The other danger is thinking that you know where things are going yourself. Here I'm talking about the near-certainty among advisors, going back five years and counting, that interest rates were going to spike and wipe out bond portfolios. Or the fear after the 2008 meltdown that led so many advisors to put off rebalancing client portfolios at the most opportune prices in a generation–because, well, they, like the rest of us, were expecting the carnage to continue. When we look back, we see the past littered with opportunity costs triggered by our belief that we knew what was coming when we didn't.
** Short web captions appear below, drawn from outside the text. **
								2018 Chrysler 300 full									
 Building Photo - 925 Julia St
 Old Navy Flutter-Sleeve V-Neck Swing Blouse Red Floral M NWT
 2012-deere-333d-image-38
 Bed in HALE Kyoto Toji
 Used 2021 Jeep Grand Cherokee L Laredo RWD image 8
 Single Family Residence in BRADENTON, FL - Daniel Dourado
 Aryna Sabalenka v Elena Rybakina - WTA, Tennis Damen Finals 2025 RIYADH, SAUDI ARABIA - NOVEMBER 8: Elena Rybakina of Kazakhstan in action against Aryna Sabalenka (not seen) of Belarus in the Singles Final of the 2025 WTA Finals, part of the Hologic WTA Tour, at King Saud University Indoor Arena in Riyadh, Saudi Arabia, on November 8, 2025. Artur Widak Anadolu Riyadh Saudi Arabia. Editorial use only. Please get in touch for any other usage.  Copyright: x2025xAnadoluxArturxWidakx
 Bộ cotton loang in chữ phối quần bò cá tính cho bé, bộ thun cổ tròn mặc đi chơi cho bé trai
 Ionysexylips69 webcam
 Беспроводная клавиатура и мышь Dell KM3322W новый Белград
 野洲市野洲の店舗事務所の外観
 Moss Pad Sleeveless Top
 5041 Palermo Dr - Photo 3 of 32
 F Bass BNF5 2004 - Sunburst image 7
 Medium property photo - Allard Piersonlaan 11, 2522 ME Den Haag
What am I proposing here? I think professionals need to take a pledge that we won't put too much stock in forecasts or predictions–or make them ourselves. We need to institutionalize the idea that the future is always going to surprise us, and that no expert in any field has expertise in crystal ball reading. We need to be constantly aware of the assumptions we are making about the future of the markets and the world economy, and recognize that they may be wrong, and protect clients from the consequences of our inevitable wrongness.

This, I think, is extremely hard work. There is a tendency built into the synaptic structure of our brains to anticipate, project and predict, and our antennae are highly-sensitive to predictions made by respected commentators. Filtering out this misleading "data" is not going to be easy, even though hindsight provides countless examples of the wisdom of this effort. But I think, over time, turning a deaf ear to predictions may prove to be one of the most valuable services that you can offer your clients: the willingness to make decisions in the absence of any clues about what the markets are going to do next, preserving the ability to respond to whatever is happening in real time–or, in many cases, not respond.

That said, I'm going to make a prediction. I predict that many other Mohammed El-Erians are going to emerge from the investment world and deliver very thoughtful evaluations of what is coming, and I predict that they will be just as wrong in their actionable conclusions as he was. And I predict that you and I and everyone else will be drawn into their vision of the future.

What I can't predict is how well, the next time and the next and the one after that, we will hang onto our skepticism in the face of that plausible vision in the crystal ball. For the sake of your clients, I hope we all get better at it than we have been in the past.